In 1995 Charles Smith's sculpture and his African/American Heritage museum, Aurora, Il site were presented in an exhibit "Straight At The Heart" at The Wright Museum of Art, Beloit College, Beloit, WI, curated by Debra N. Mancoff, PhD.

==Works==
Smith heavily uses metaphor, symbolism, news stories, historical narratives and his own experiences in the formal choices and spatial relationships of his sculptures to create his dense art environments. Visitors weave around the pieces following his often life-sized dioramas and the literal path he has made for tours. Besides his life experience, his motivation is to heal the world by educating people about Black history through his work. The installation was constantly evolving and changing as Smith built new work. "Everything moves along extemporaneously as God moves me. He shows me how to do it, where to put it, and how to construct it." Smith said.

Middle Passage was created out of large rock, broken concrete, and wood. It depicted the narrative of Black people in Africa, going through the Middle Passage and into slavery. The work was installed on North Avenue at South Kendall Street in Aurora, Illinois. The sculpture acted as a perimeter protecting to his environment and went on to include imagery from the Civil Rights Movement, all with three-quarters to life sized figures. Most of his work is built with found materials with a cement mixture covering armatures and then painted. He calls the patina the sculptures gain through exposure to the outdoor elements "weatherization."

Sergeant Ramey was at the center of his Aurora property atop his roof. It is a memorial depicting one of Smith's close friends who died in combat, a memory that stays with Smith.

Smith's goal has been to teach Black youth about their history and he wants to have work installed at certain points along I-55 to memorialize not only the Great Migration but also his family's migration from New Orleans to Chicago.

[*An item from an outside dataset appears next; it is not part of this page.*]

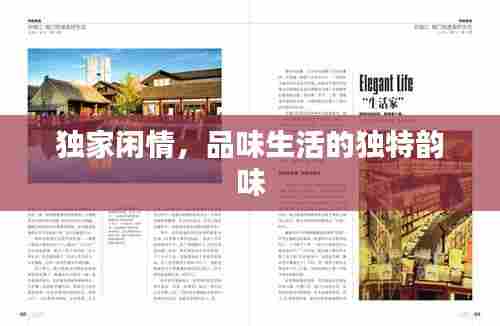 独家闲情,品味生活的独特韵味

Each site would document and offer healing lessons on Black history.

==Personal life==
Smith was married in 1964 and divorced after his return from combat in 1968. Alongside his sculptural work Smith was an ordained minister. He was a pastor at God's House of Prayer and Holiness in Memphis Tennessee.

Much of his work outside of his sculpture is working to help heal people psychologically. He's advocated for other Vietnam veterans, worked with the Congressional Black Caucus on Agent Orange and on Jesse Jackson's PUSH coalition.